Now we understand the issues, we certainly don’t want that as a cost throughout the lifetime of our site, so how do we avoid it?

Well, automated deployments quite simply take all these manual steps, automated them with a few bonuses on top. By doing this we remove all the elements of human error and are left with consistent results each time.

There’s two parts to an automated pipeline, the first is build and the second is release.

The build part relates to the first 2 steps of our manual process. We need to get the code from source control and then publish it. Once we’ve done this, we are left with a build that we can assign a release number to. By automating it we’ve also ensured that the build happens the same way each time rather than any differences between developers’ machines being. At this point we can also start detecting build failures and include some automated testing to pick up on errors before even involving QA.

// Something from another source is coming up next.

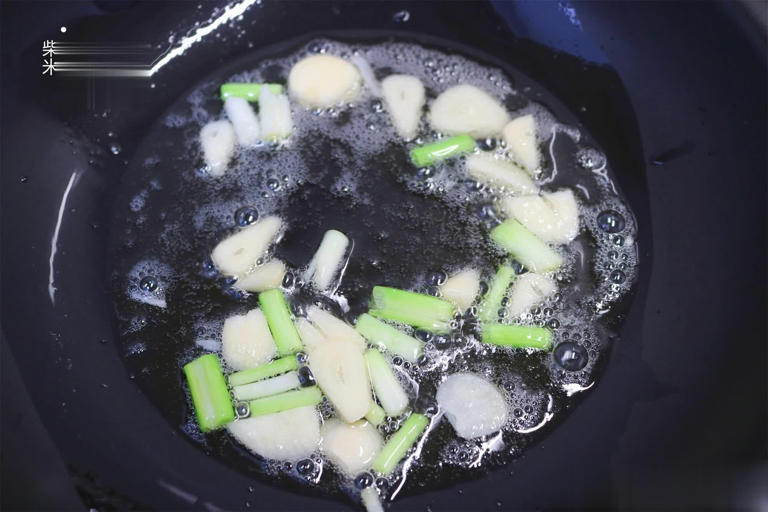 不知道吃啥？试试这样煮一锅，有肉有菜好做又好吃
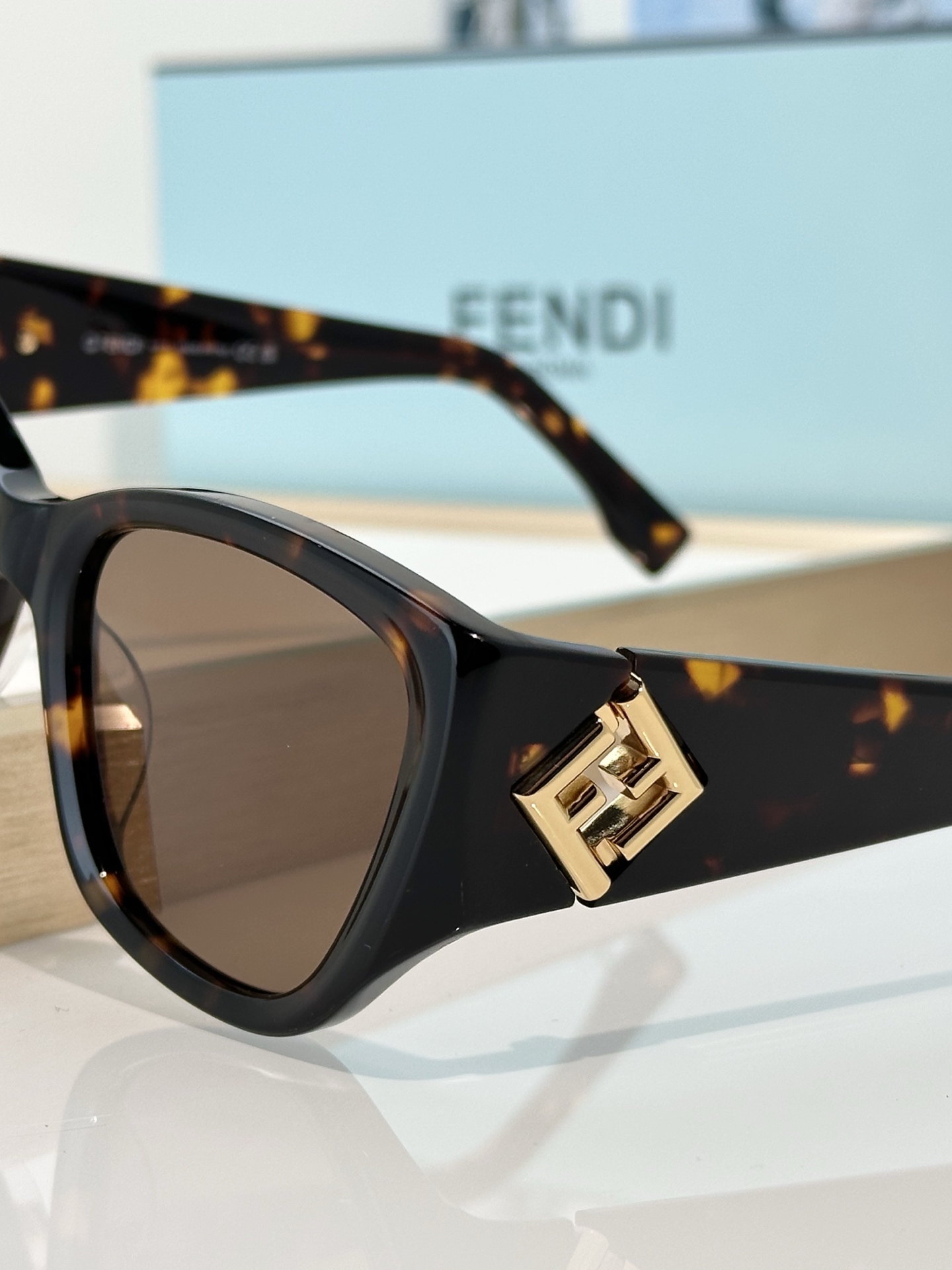 Designer Sunglasses FE40220I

The release part relates to the remaining steps of the manual process. First of all the process of copying files and running scripts now becomes one large script that won’t miss a step and in addition to that, now we have build numbers we can see which build is on each environment and only promote the one we want to the next environment. Because we’re promoting builds rather than doing the whole build process again, we’re also ensuring that the build going to production is the exact same thing that was tested on QA and then reviewed on UAT. With some clever integrations with things like GitHub and Jira we can also automated release notes to say what was included in each of the releases.

Degrees of Automation

It worth noting at this point that there are different degrees of automation and this will greatly affect the cost of setup.

As well as automating the deploy of code, we could also automate the entire server setup through the use or ARM templates in Azure. Different levels of automated testing can be implemented from very low code coverage to very high; a test could even be what the level of code coverage is.

Automation could also extend to include load balancers for green / blue deployments where zero downtime of the site is achieved by using multiple production servers and switching between them while files are being copied.

Is this the CI and CD thing I’ve heard about?

Two terms I deliberately haven’t used in this article is Continuous Integration (CI) and Continuous Delivery (CD) and that’s because although automated deployments forms part of achieving them they are not the same thing and it’s worth knowing how they differ.

Continuous Integration related to the build part of the automated setup and aims to deal with issues arising from multiple developers working on a project. When more than one developer works on a copy of a website locally, both sets are changing in different way to what is contained within source control. The longer this goes on for the bigger the differences get and the harder it will become to merge again. Continuous Integration advocates shortening the gaps between merges to as shorter time as possible, potentially multiple time per day. By having automated tools in place to run a build whenever this happens, issues can be identified as early as possible.

Continuous Delivery relates more to the release aspect of the automated setup and is an aim to be constantly delivering / deploying updates to a solution as fast as possible. By doing this, deployments become trivial and smaller updates are delivered at a much faster pace rather that being queued for one big release. Automation helps make this a reality by removing many of the manual time consuming tasks that are repetitive.